The Naval Academy superintendent, Vice Adm. Jeffrey Fowler, echoed him. Everyone understands that "diversity" here means nonwhite skins.In an article in the Washington Post, a member of the admissions board stated that the only way to increase Black people presence at the school was to drastically lower standards for admittance:
Fowler insisted recently that we needed to have Annapolis graduates who "looked like" the Fleet, where enlisted people are about 42 percent nonwhite, largely African American and Hispanic."
"Fleming says the increase in minority enrollment at the academy has brought in students with lower grades and SAT scores who need more remedial classes and are less capable of the scholarship for which the academy is known.
"First of all, we're dumbing down the Naval Academy," Fleming said in an interview. "Second of all, we're dumbing down the officer corps."
Fleming asserts, correctly, that Black people are treated differently in their application process and get in with lower scores and:
"Once at Annapolis, “diverse” midshipmen are over-represented in our pre-college classes, in lower-track courses, in mandatory tutoring programs and less challenging majors. Many struggle to master basic concepts. (I teach some of these courses.)"
Much like the Wonderlic Test, Black people find the Naval Academy Standards as applied to white people to difficult to master and thus, must resort to fuzzy math to ensure greater representation of their people at a formerly important institution of higher learning.

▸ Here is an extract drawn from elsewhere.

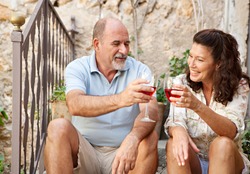 Portrait of a senior man and woman sitting on the stone steps of luxury hotel garden on holiday drinking wine and toasting in celebration, relaxing on vacation. Mature people, outdoors lifestyle.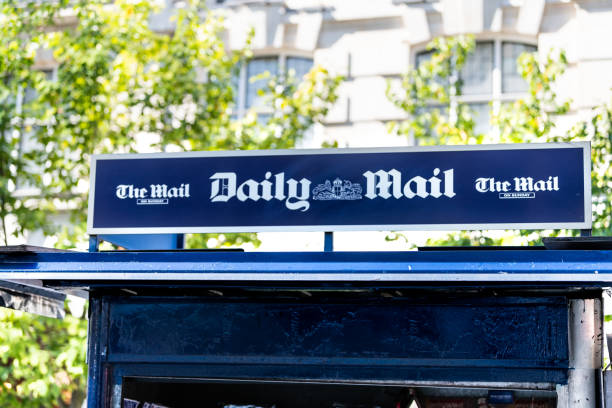 Chelsea street with closeup of sign on square for dailymail daily mail newsstand newspaper magazine stand news blue color stock photo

"The Chief of Naval Operations (CNO) Adm. Gary Roughead released a podcast on the importance of diversity and the Navy's diversity initiatives Feb. 27."In the military and in the Navy, it's important that we are a diverse organization because we have to represent what I call the face of America," said Roughead. "As our population changes and the percentages of majority-minority changes and that's always taking place we have to reflect that same demographic in our Navy and that's why it's important, but at the end of the day, it really makes a huge difference because we're stronger because of the different perspectives and ideas that people bring to bear."